DATA FOR THE TASK ::
[Start of section]

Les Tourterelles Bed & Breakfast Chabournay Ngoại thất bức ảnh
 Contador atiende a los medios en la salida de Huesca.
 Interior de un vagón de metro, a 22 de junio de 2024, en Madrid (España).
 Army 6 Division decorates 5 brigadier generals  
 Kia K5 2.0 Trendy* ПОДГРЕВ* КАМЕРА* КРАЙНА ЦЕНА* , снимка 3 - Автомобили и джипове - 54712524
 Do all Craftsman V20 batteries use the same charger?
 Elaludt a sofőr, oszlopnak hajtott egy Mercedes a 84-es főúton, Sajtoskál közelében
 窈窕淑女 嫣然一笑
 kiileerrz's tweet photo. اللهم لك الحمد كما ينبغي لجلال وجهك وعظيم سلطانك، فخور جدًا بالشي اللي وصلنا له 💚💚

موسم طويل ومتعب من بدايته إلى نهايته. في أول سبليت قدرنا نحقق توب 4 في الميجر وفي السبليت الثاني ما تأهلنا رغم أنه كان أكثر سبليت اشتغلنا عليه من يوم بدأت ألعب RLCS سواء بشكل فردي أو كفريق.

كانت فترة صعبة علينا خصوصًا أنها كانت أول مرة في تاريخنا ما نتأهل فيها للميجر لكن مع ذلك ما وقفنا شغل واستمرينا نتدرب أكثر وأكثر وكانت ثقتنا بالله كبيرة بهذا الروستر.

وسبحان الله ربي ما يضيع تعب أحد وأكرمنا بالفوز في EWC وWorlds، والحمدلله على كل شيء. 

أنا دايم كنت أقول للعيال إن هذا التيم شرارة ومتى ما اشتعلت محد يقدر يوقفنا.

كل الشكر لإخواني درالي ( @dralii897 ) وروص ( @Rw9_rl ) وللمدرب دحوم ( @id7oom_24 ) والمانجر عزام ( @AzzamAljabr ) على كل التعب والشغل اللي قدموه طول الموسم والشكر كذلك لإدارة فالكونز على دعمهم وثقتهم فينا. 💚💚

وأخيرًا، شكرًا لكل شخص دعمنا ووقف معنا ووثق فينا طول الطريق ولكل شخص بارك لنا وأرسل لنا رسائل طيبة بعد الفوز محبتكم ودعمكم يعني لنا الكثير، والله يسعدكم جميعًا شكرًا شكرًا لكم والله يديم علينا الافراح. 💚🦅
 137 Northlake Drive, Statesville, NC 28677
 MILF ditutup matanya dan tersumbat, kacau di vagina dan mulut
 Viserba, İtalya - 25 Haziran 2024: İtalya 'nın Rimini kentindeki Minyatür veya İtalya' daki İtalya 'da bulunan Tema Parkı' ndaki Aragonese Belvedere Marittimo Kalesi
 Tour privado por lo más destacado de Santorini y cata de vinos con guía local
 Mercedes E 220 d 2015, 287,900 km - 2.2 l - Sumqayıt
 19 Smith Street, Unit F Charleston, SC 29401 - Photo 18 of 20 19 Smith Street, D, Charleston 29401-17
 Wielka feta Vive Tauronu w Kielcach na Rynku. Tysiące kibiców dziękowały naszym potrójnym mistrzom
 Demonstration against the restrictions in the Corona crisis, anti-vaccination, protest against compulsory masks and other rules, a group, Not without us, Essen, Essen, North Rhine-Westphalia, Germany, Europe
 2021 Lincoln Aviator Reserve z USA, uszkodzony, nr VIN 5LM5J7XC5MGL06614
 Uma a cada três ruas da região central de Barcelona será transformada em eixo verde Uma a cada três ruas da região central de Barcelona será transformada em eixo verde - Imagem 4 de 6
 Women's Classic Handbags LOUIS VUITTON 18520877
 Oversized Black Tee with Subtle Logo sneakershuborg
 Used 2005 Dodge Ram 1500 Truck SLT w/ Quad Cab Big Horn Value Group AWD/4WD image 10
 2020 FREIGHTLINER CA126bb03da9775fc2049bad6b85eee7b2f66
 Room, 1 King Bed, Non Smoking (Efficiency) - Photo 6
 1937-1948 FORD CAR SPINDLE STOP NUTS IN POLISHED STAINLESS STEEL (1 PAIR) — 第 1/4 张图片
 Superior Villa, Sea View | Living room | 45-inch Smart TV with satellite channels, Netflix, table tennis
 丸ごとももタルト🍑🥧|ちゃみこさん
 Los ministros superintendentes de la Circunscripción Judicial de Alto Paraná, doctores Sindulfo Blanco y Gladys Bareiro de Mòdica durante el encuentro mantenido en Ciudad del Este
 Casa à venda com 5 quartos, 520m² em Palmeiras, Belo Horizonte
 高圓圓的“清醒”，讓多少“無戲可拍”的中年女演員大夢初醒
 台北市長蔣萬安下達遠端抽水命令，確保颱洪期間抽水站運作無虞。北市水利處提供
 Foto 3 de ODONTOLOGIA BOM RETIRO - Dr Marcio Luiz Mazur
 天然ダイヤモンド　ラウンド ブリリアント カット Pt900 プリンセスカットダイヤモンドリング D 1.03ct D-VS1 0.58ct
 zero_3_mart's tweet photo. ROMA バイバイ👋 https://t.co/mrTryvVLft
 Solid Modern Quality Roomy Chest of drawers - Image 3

[End of section]

Please filter the entries for the word "Mercedes" and copy the lines that have it.

 Elaludt a sofőr, oszlopnak hajtott egy Mercedes a 84-es főúton, Sajtoskál közelében
 Mercedes E 220 d 2015, 287,900 km - 2.2 l - Sumqayıt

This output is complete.